People I thought were my friends asked me to withdraw the police report because he was truly sorry and he had already sought help and he was going through therapy. Well, me too.
At the same time, I had to hear things like, “You exude sex from all your pores,” “You're too hot,” “You can come to work in sweatpants.”
One professor even told my advisor that I had had a lot of boyfriends and often came to work wearing a miniskirt. Highly educated people thought that I was the one to blame, not him.
I felt powerless.
Because the situation was unbearable and I was not able to work, with my adviser’s support I went to talk to the director of my research center and asked him to transfer my perpetrator at least until the legal situation was resolved. He told me he didn’t have the power to do so unless I had a restraining order and that he needed legal proof of the assault for him to take action.
I learned later that he was either lying or mistaken, but clearly he didn’t want to confront the situation. It was easier for him to minimize it and look the other way. It was clear he and the institution were not going to help me.
I felt powerless.
A few months later, the judge working on my case asked me for a meeting. As I entered the city court with my lawyer, I felt that maybe in here I was going to find the type of response that I was hoping for.
I narrated the rape all over again in a room full of strangers staring at me. It felt like a second violation. I answered every question. I clarified every detail.
At the end of the meeting, the judge told me that he was going to dismiss my case because, in his opinion, I didn’t have one. He said my rapist didn’t use violence. He had stopped when I asked him to stop.
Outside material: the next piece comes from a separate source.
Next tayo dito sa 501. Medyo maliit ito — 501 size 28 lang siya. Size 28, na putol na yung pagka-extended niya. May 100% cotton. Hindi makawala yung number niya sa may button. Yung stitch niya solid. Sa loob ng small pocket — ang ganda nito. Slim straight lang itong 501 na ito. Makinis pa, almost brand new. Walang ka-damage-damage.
And, in his statement, he declared that he called me by my name, which apparently qualifies as asking for consent. Since I didn’t have witnesses it was my word against his.
The judge even added that my rapist’s version was more credible because he was a nice PhD student without a criminal record. It mattered little that I was asleep therefore unable to consent and that I also was a PhD student without a criminal record.
I felt powerless.
Failed by my peers, my institution and the legal system, I thought about quitting my PhD, at least to put an end to the torture of seeing him at work every day. But somewhere over the rainbow, someone believes you and lends you a hand.
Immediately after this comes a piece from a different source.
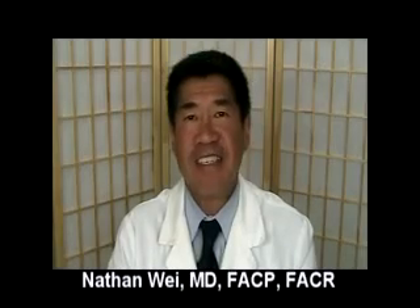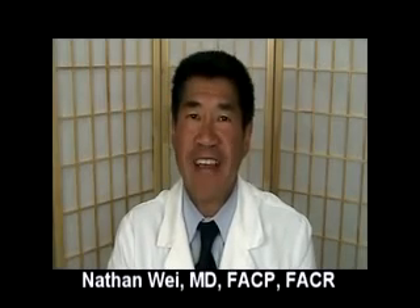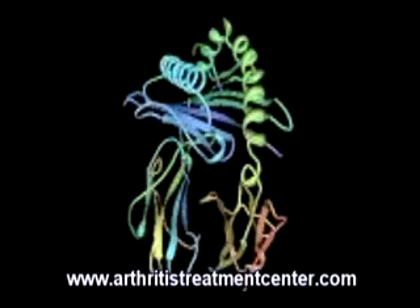Hello, this is Dr. Nathan Way, and today I'm going to answer the question: what is HLA-B27? HLA-B27 is an inherited genetic marker associated with many types of arthritis. The set of conditions that B27 is associated with is called the seronegative spondyloarthropathies — that's a mouthful.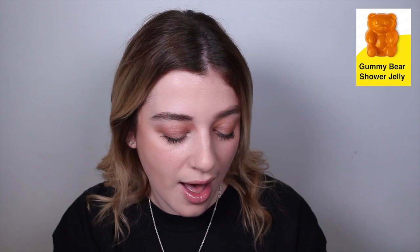The next item is the Gummy Bear Shower Jelly, which I believe is the same scent as the passion fruit marshmallow item we had for Valentine's Day. It smells amazing — I think I still have mine from last year. From what I remember it's a beautiful, tropical passion fruit vibe. It's so cute, shaped like a bear, and very Easter-themed.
My adviser believed me and in me and she was not going to allow me to quit. She knew that by staying there I was not going to finish my PhD, so she sent me far away to a different lab, to a different institution, to a different country. That’s how I came to the U.S. She used her power to keep me in science.
This was not my first experience of sexual harassment or assault in an academic environment. Sadly, it was not the last one either, but it was the hardest and almost defeated me. It took me ten years to gain my power back, the power to speak up, the power to fight for my rights, the power to help others, the power to say out loud, “Enough!”
Slowly, I started talking about my experience and found, astonished, that colleagues, friends, family members had gone through similar experiences. How long are we going to allow people, our institutions, the legal system to overpower women?
The last push that I needed to share this story for the first time in ten years was the MeToo Movement. I feel that I belong to the saddest sorority ever, but a powerful one. Don’t underestimate the power of women. We started using our voices and we will no longer be silent.